The Caribbean Artists Movement
- Date: 1966–c.1972
- Location: London, England;
- Also known as: CAM
- Participants: James Berry; Pearl Connor-Mogotsi; Paul Dash; Stuart Hall; Wilson Harris; Donald Hinds; C. L. R. James; Linton Kwesi Johnson; Evan Jones; Errol Lloyd; Marc Matthews; Marina Ama Omowale Maxwell; Althea McNish; Ronald Moody; Horace Ové; Orlando Patterson; Kenneth Ramchand; Gordon Rohlehr; Ivan Van Sertima; Anne Walmsley; Aubrey Williams;
- Outcome: Works by Caribbean writers, visual artists, poets, dramatists, film makers, actors and musicians
- Founders: Edward Kamau Brathwaite; John La Rose; Andrew Salkey;

= The Caribbean Artists Movement =

Cultural initiative (1966–c. 1972)

The Caribbean Artists Movement (CAM) was an influential cultural initiative, begun in London, England, in 1966 and active until about 1972, that focused on the works being produced by Caribbean writers, visual artists, poets, dramatists, film makers, actors and musicians. The key people involved in setting up CAM were Edward Kamau Brathwaite, John La Rose and Andrew Salkey. As Angela Cobbinah has written, "the movement had an enormous impact on Caribbean arts in Britain. In its intense five-year existence it set the dominant artistic trends, at the same time forging a bridge between West Indian migrants and those who came to be known as black Britons."

==History==
In 1968, Brathwaite wrote about CAM's origins, dating them back to a small informal meeting held on 19 December 1966 in his London flat in Mecklenburgh Square (although Louis James suggests that the "seed ideas of what was to become CAM were germinating in Brathwaite's activities at Mona in the previous decade"):

What was to become the Caribbean Artists Movement (CAM) started in December 1966 in my Bloomsbury basement flat. I had recently arrived from the Caribbean on study leave to Britain, and as a writer myself, wanted, quite naturally, to get in touch with as many Caribbean artists as possible. But where were they? The novelists' books were being regularly published; at the Commonwealth Arts Festival I had seen work by a few painters, designers and sculptors from the Caribbean; but no one seemed to know how to get in touch with them. In addition it seemed to me that our West Indian artists were not participating significantly in the cultural life of the country that had become their home.
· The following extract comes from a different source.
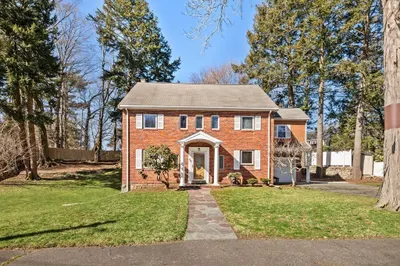 37 Kirkland Cir 1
Since 1950, nearly every West Indian novelist worth the name had come to London and more than a hundred books had come from their typewriters and pens. But despite this, the British public didn't seem to be very much aware of the nature and value of this contribution.

[...] This situation, it seemed to me, was something to be deplored. The isolation of West Indian writers from each other and from the society in which they lived could eventually only stultify development and could do nothing to contribute to perhaps the most important problem of our times – the problem of the future of race relations in Britain.

The BBC radio programme Caribbean Voices, to which Brathwaite was also a contributor, is considered a precursor of CAM.

The journal Savacou (1970–1980) was started as a platform for CAM, connecting its activities in Britain, the Caribbean region and the African diaspora, and elsewhere internationally. La Rose began selling and publishing books, under the name New Beacon Books, which addressed the demand for material that was stimulated by the formation of CAM.

Other notable artists and intellectuals associated with CAM include Evan Jones, C. L. R. James, Stuart Hall, Wilson Harris, Kenneth Ramchand, Ronald Moody, Aubrey Williams, Gordon Rohlehr, Christopher Laird, Louis James, Clifton Campbell, Orlando Patterson, Ivan Van Sertima, Althea McNish, Donald Hinds, James Berry, Errol Lloyd and Anne Walmsley. Linton Kwesi Johnson is among a younger generation of Caribbean writers to have been a member of CAM during the early 1970s.

CAM is acknowledged as being particularly significant in helping to "spark interest in the work of Britain's artists of color". The first CAM conference was held in September 1967 in London, and a subsequent conference at the University of Kent in 1969.

The work of CAM members was brought to the public eye by the BBC in a special Caribbean edition of the magazine programme Full House, introduced by Joe Melia and transmitted on 3 February 1973, in which the work of writers, musicians and film-makers was presented in a studio setting of visual artists' work, brought together by La Rose, Horace Ové and others, with studio designs by McNish.